In view of the fact that the animal creates nothing of fertilizing value, but simply voids that which it has eaten, the feeds eaten by the animal will have much to do with the value of the fertilizer voided.
A part of the constituents is retained for the formation of flesh, or milk, and the rest is voided. Feeds which are particularly rich in nitrogen, phosphoric acid, or potash will yield a rich manure, and those low in these constituents will result in a manure of comparatively low value. An interesting discussion of this subject is available in Henry and Morrison's authoritative work, Feeds and Feedings.
Here is a device of my own origin I have found very convenient for taking pigs away from a cross sow. Take a piece of heavy wire about 4 1/2 feet long Shape it as tho making a frame for a fishing dip net. Drive the shanks of this into a strong light handle about 6 feet long. Cut a common gunny sack in two and sew it with twine onto the hoop so it will be about like a dip net, only deeper. With this device you can reach across a fence, put the sack over a pig, give a quick pull toward you which will throw the pig off his feet and land him in the sack. You can take the pig away from the crossest of sows, as the pig will lie quietly in the sack until you take hold of him.—A. W. A.

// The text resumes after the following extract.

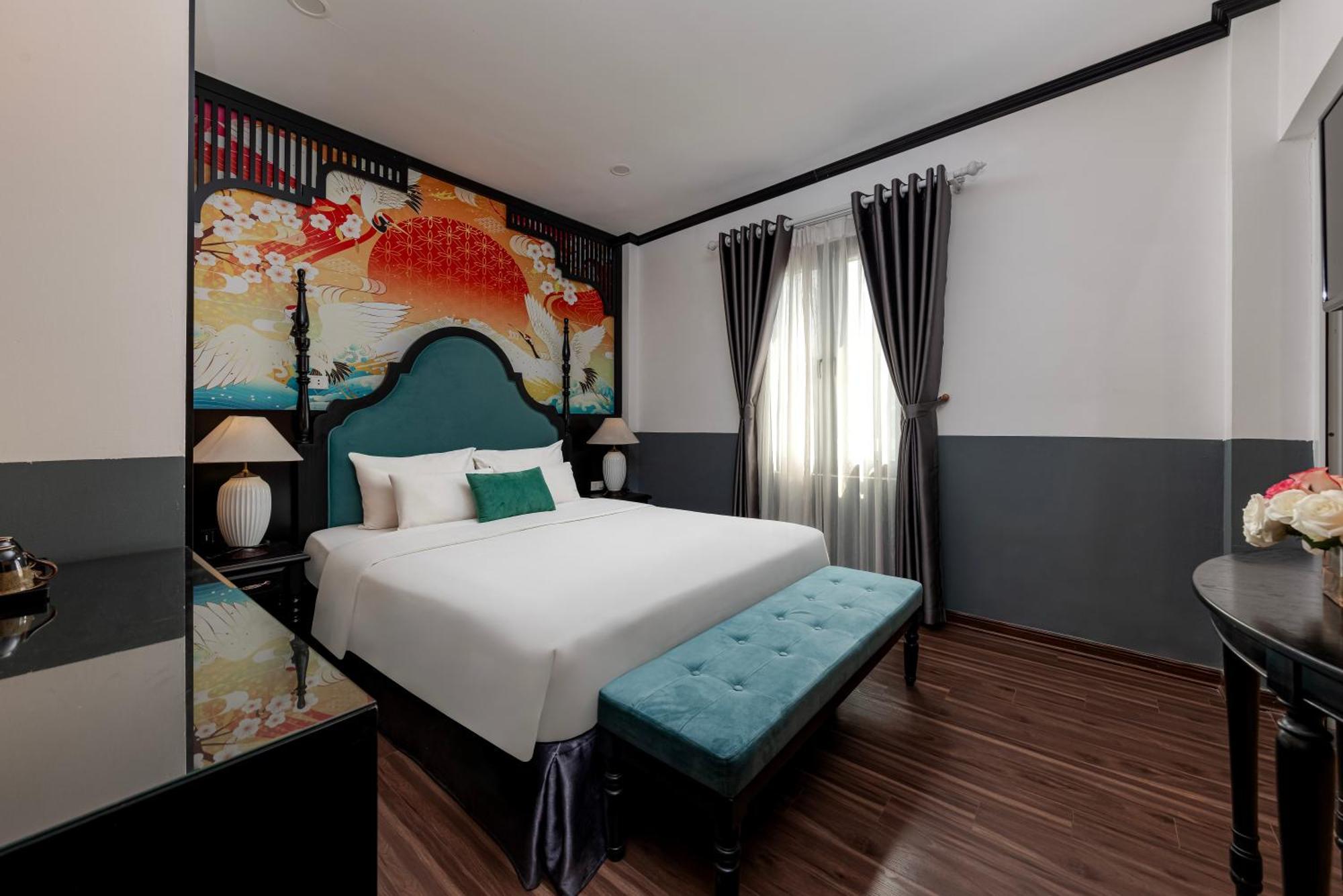 Hotel Elpis & Hanoi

Death of Sheep. — I have sheep dying. The first symptom is the loss of appetite. Some will live six months or a year after first symptoms appear, especially three or four-year-old sheep. Finally they get so weak that they lie down and live several days after they are down. I had a veterinarian open one, and everything seemed all right, with the exception of the liver, and the liver was soft and would fall to pieces at a touch. There were no worms in the liver, nor none in the sheep. What seems to be the trouble?—L. N., Michigan.
Liver flukes may be causing the trouble. Cut a liver across and squeeze it. Flukes may then emerge from the ducts. They are leaf-like in appearance, liver colored, flat and about an inch long. There is no certain remedy but if they are found present, your veterinarian should try treatment with carbon tetrachloride which is the only promising drug we know of for fluke-infestation which causes liver rot in sheep. Keep the sheep off low wet pasture where the flukes are contracted.
If there are no flukes the sheep may be dying of auto-intoxication from lack of feeding and lack of lime and insufficient exercise. To prevent the disease, supply clover or alfalfa hay, oats, bran, and oilmeal and mix 4 pounds of steamed bonemeal with each 100 pounds of grain feed, besides supplying salt. Enforce daily exercise thruout the winter. Also feed roots or silage. Stomach worms often cause similar losses. Give sheep Nema capsules to rid them of the worms.